= Sanov's theorem =

In mathematics and information theory, Sanov's theorem gives a bound on the probability of observing an atypical sequence of samples from a given probability distribution. In the language of large deviations theory, Sanov's theorem identifies the rate function for large deviations of the empirical measure of a sequence of i.i.d. random variables.

Let A be a set of probability distributions over an alphabet X, and let q be an arbitrary distribution over X (where q may or may not be in A). Suppose we draw n i.i.d. samples from q, represented by the vector $x^n = (x_1, x_2, \ldots, x_n)$. Then, we have the following bound on the probability that the empirical measure $\hat{p}_{x^n}$ of the samples falls within the set A:

$q^n(\hat{p}_{x^n}\in A) \le (n+1)^{|X|} 2^{-nD_{\mathrm{KL}}(p^*||q)}$,

where
- $q^n$ is the joint probability distribution on $X^n$, and
- $p^*$ is the information projection of q onto A.
- $D_{\mathrm{KL}}(P \| Q)$, the KL divergence, is given by: $D_{\mathrm{KL}}(P \| Q) = \sum_{x \in \mathcal{X}} P(x) \log \frac{P(x)}{Q(x)}.$

In words, the probability of drawing an atypical distribution is bounded by a function of the KL divergence from the true distribution to the atypical one; in the case that we consider a set of possible atypical distributions, there is a dominant atypical distribution, given by the information projection.

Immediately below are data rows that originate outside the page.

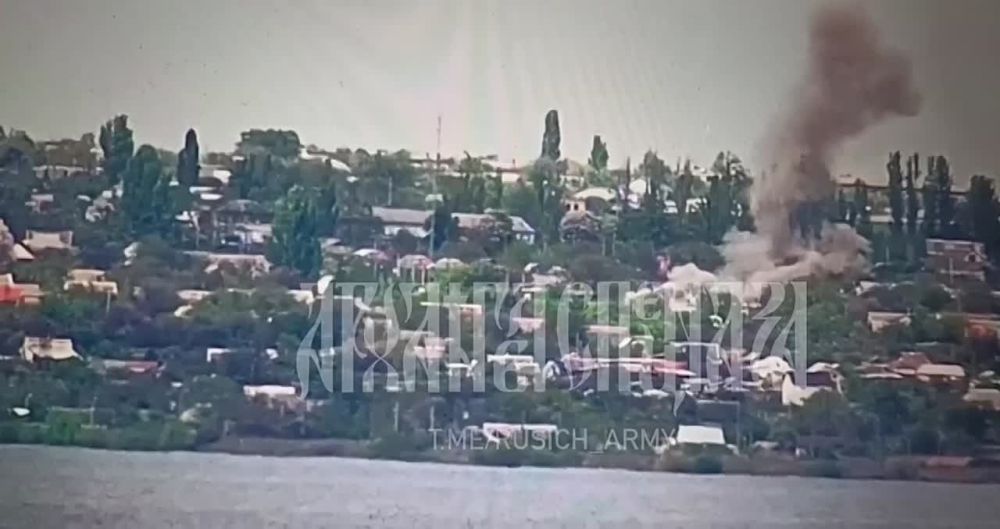 ������, ����� ���� �������� ��������, ����� �������� �� �������� �����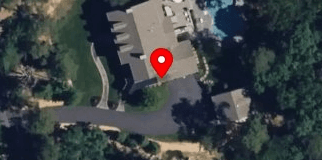 House image located at Medford, NJ 08055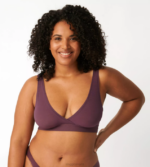 Bras | N024167 Kaluha GO ALLROUND Bralette Women sloggi - Image 2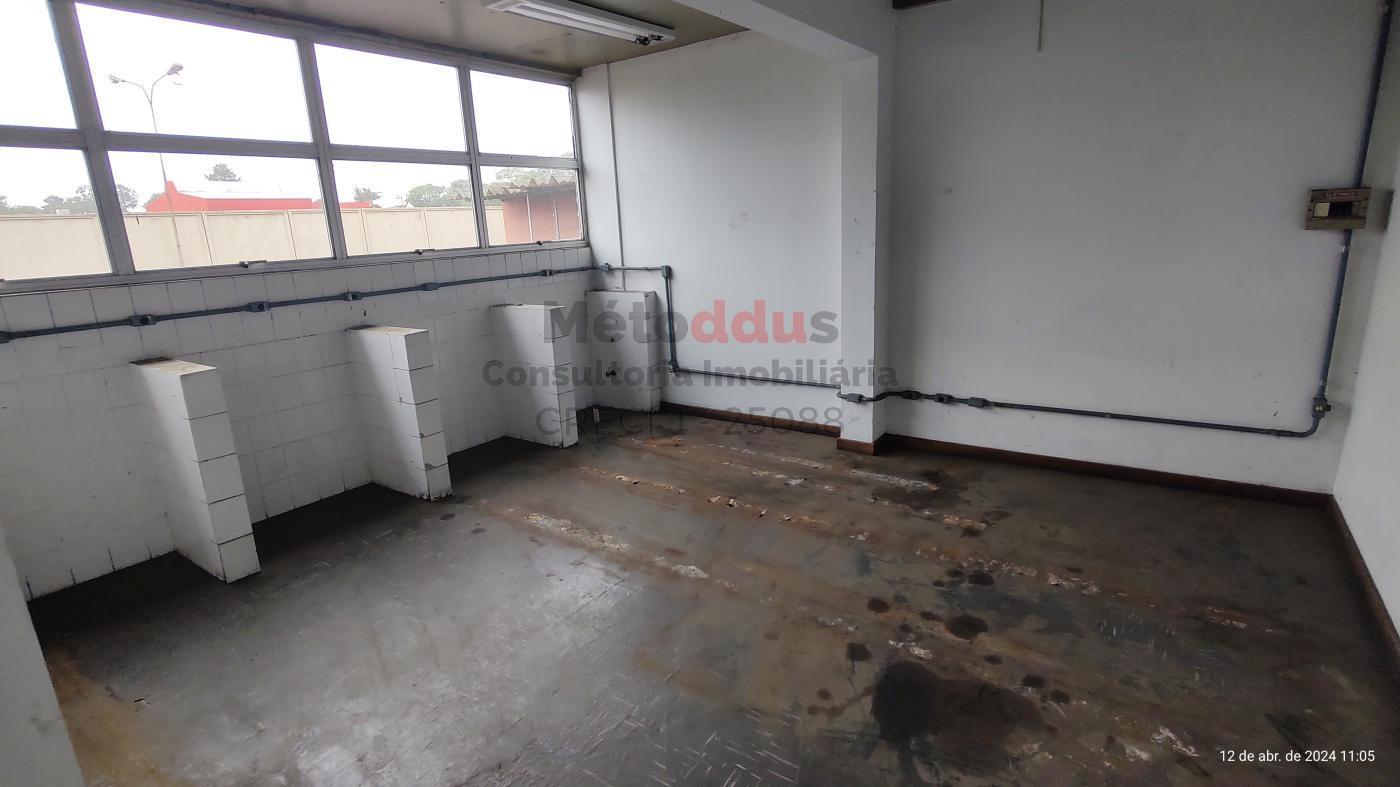 Depósito-Galpão - Foto 12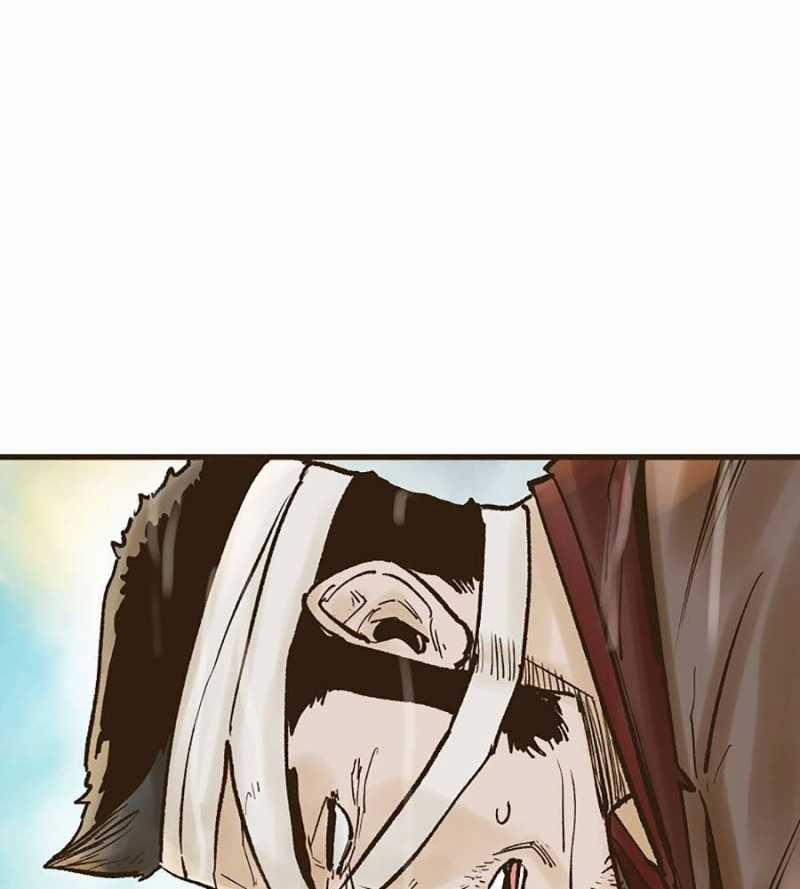 Quái Công Du Lục 31 trang 157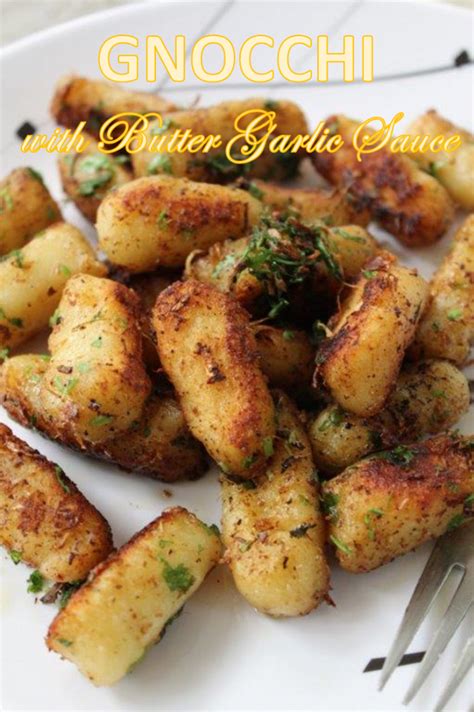 Gnocchi Sauce Gnocchi Recipes Sauce Best Gnocchi Recipe Gnocchi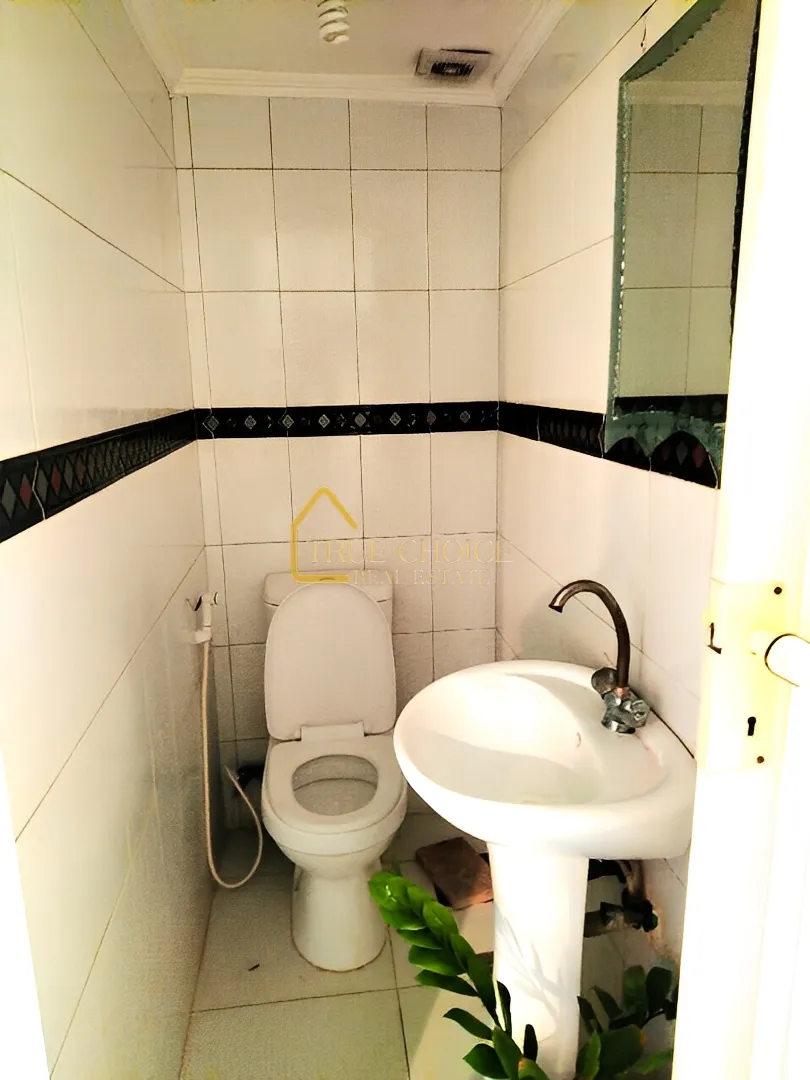 Apartment in Bchamoun-deir koubel، lebanon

Furthermore, if A is a closed set, then

$\lim_{n\to\infty}\frac{1}{n}\log q^n(\hat{p}_{x^n}\in A) = -D_{\mathrm{KL}}(p^*||q).$

== Technical statement ==
Define:

- $\Sigma$ is a finite set with size $\geq 2$. Understood as “alphabet”.
- $\Delta(\Sigma)$ is the simplex spanned by the alphabet. It is a subset of $\R^\Sigma$.
- $L_n$ is a random variable taking values in $\Delta(\Sigma)$. Take $n$ samples from the distribution $\mu$, then $L_n$ is the frequency probability vector for the sample.
- $\mathcal L_n$ is the space of values that $L_n$ can take. In other words, it is
$\{(a_1/n, \dots, a_{|\Sigma|}/n): \sum_i a_i = n, a_i \in \N\}$Then, Sanov's theorem states:

- For every measurable subset $S \in \Delta(\Sigma)$,$-\inf_{\nu \in int(S)} D(\nu\|\mu) \leq \liminf_n \frac 1n \ln P_\mu(L_n \in S) \leq \limsup_n \frac 1n \ln P_\mu(L_n \in S) \leq -\inf_{\nu \in cl(S)} D(\nu \| \mu)$
- For every open subset $U \in \Delta(\Sigma)$,$-\lim_n \lim_{\nu \in U \cap \mathcal L_n} D(\nu\|\mu) = \lim_n \frac 1n \ln P_\mu(L_n \in S) = -\inf_{\nu \in U} D(\nu\|\mu)$
Here, $int(S)$ means the interior, and $cl(S)$ means the closure.